BEGIN Exercise data
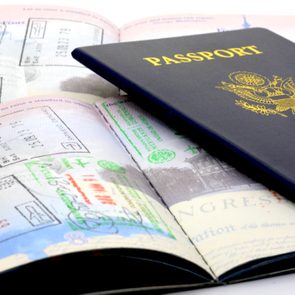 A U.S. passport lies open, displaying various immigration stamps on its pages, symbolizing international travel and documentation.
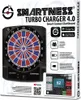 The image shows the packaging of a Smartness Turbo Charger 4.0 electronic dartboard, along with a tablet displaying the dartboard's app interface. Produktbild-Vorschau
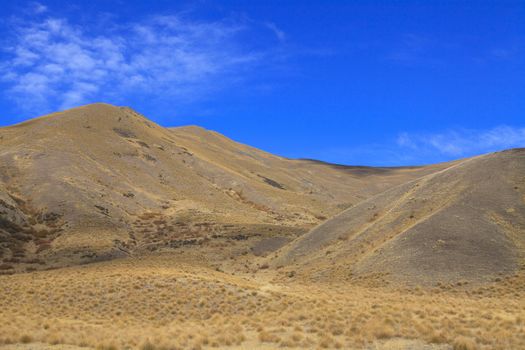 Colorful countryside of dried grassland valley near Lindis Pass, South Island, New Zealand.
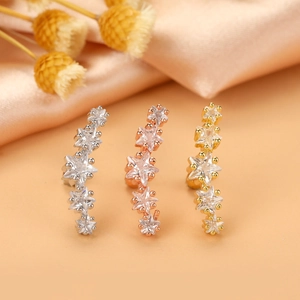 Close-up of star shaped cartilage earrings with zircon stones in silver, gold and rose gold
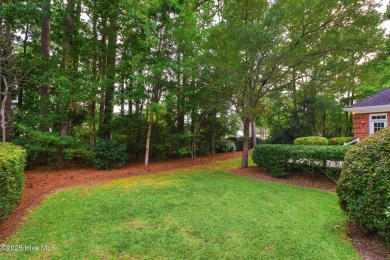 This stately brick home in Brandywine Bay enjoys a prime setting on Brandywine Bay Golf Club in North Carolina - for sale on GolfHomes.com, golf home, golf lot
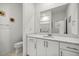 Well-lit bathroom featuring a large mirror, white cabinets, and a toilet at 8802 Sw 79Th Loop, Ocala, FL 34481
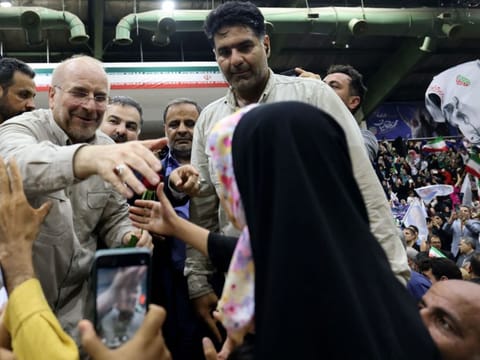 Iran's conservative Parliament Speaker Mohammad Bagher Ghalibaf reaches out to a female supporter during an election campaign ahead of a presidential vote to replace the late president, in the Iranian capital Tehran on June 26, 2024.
END Exercise data
BEGIN Exercise data
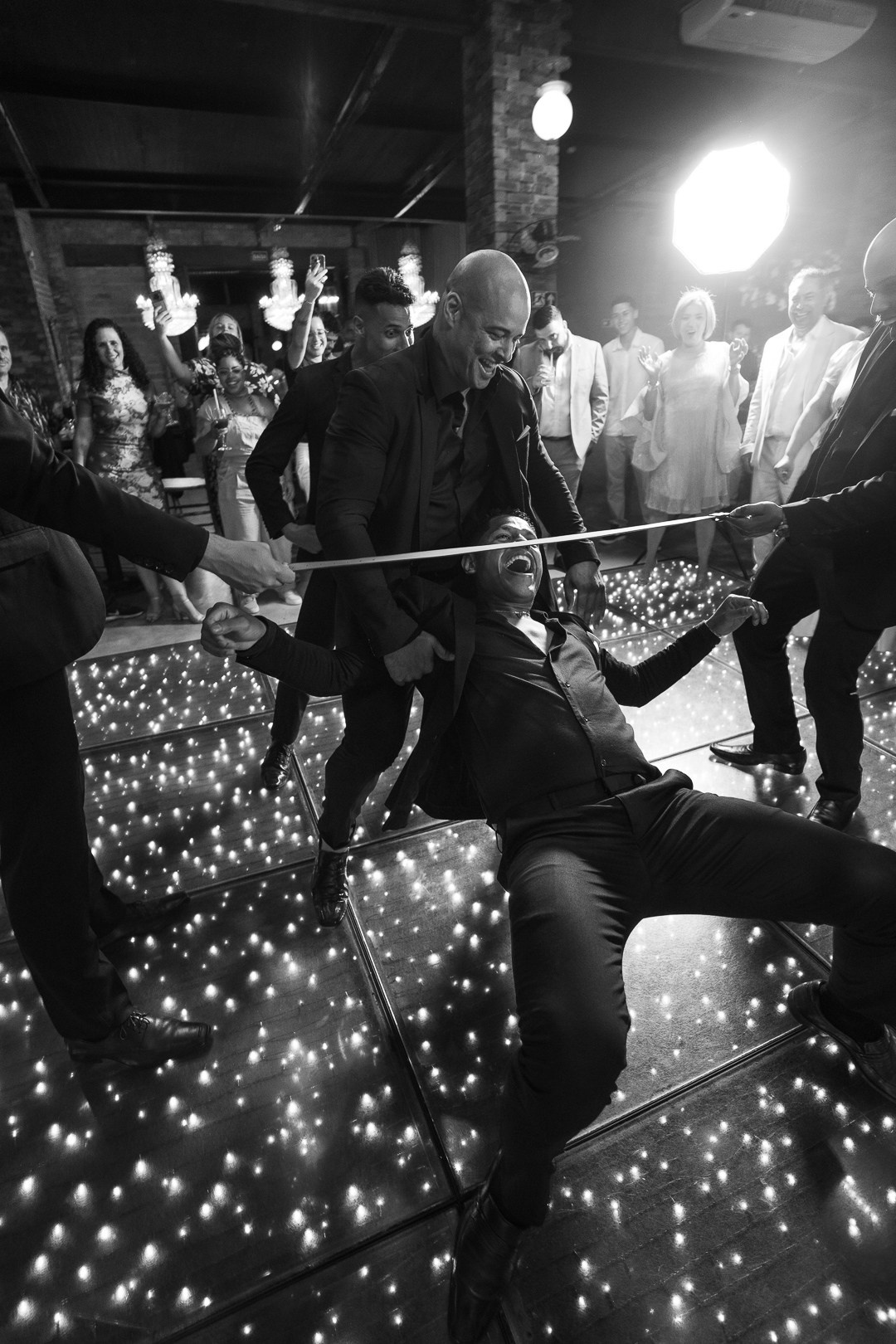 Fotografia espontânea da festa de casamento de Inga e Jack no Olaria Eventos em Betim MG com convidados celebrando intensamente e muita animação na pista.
END Exercise data
Respond with the exact lines above running from the one containing "Well-lit bathroom featuring" to the one containing "Iran's conservative Parliament", both ends kept and no pictures included.

_Expected answer_
 Well-lit bathroom featuring a large mirror, white cabinets, and a toilet at 8802 Sw 79Th Loop, Ocala, FL 34481
 Iran's conservative Parliament Speaker Mohammad Bagher Ghalibaf reaches out to a female supporter during an election campaign ahead of a presidential vote to replace the late president, in the Iranian capital Tehran on June 26, 2024.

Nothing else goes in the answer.